水谷:駅ってすごくパブリックな場なので、一般の人にとって不可侵領域なんだろうなっていうイメージがあります。そもそも僕らが〝駅を使う〟なんていう発想がないし、使うことはできないんだと思い込んでいました。
白石:私たちとしては駅を広く開かれた場所として、さまざまな人に使っていただきたいですし、ともに地域を盛り上げていけたらいいなという思いがあります。地域のみなさんとの関係性を築いていけたら、駅に求められていることも自ずと把握できるようになるのかと思います。そういった模索をしているなかでさかさま不動産のみなさんにお会いすることができ、この出会いが良いきっかけになるのではないかと期待しています。
水谷:それぞれの立場から有意義な使い方について意見交換ができるといいですね。ところで駅長さんは日頃、駅を守り管理や運営を担っている立場として、駅の活用や地域との繋がりということに対してどんなふうに思っていらっしゃいますか。

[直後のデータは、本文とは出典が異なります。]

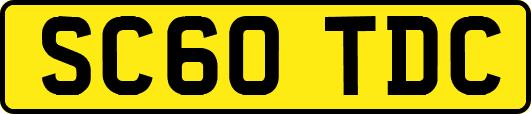 SC60TDC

野村:多治見駅に限ったことではなく、空いている場所をどんどん使っていこうという流れはありますね。従来の駅としての役割以外の視点も入れつつ、空きスペースを有効に活用することで新しいビジネスチャンスが生まれたり、地域活性にも貢献できる、そんな可能性を感じる場所はたくさんあると思います。多治見駅の場合、改札の中がとても広いので今はそこにガチャガチャを置いているんですが、これもひとつの構内営業ということで去年から始めたんですよ。
水谷:そういえばカプセルトイが並んでましたね。それは駅長さんの判断でできちゃうんですか?
野村:構内営業を希望する事業者が当社窓口に申請いただくと、構内営業を許可して良いか駅に照会が入り、駅ではお客様の流動を妨げないなどの条件を考慮したえうでOKを出します。
水谷:これまでに一般の方から駅のスペースを使わせてほしいみたいな相談や問い合わせってありましたか。
野村:駅の中で何かやってみたいという地域の方の声を間接的にお聞きすることはありましたが、駅に直接相談が来たことはないですね。
坂本:そもそも僕らが駅を使えるとは思っていないから、具体的な相談までいかないんじゃないですかね。
水谷:そうでしょうね。坂本さんは全国の地域の事情などもいろいろ見て来られたと思うんですけど、駅を活用されている事例って何かご存知ですか。
坂本:奈良県の京終(きょうばて)という駅は駅舎の中に喫茶店があって、電車を待ちながらお茶が飲めるようになってます。地元の建築事務所さんが経営する宿と一緒に、まちの人たちが運営を任されているんじゃなかったかな。あと山口県の下関にある阿川駅には、「小さなまちのkiosk」っていうちょっとイケてるキオスクがあります。地元にUターンしてゲストハウスを始めた人がプロデュースしたものだと聞きました。
野村:私も電車で旅行に出掛けることがありますが、私鉄のローカル線の駅舎が喫茶店になっていたり、駅がバイク乗りの人たちの集まる場所に使われていたりするのを目にしたことがあります。最近はそういう動きがJRの駅でも始まっていますよ。
白石:少しずつ進めているところですね。
水谷:ちなみに多治見駅で駅長さんが個人的にやってみたいことってありますか?
野村:僕はお酒が好きなので、お酒好きな人が集うようなことができたらいいですね(笑)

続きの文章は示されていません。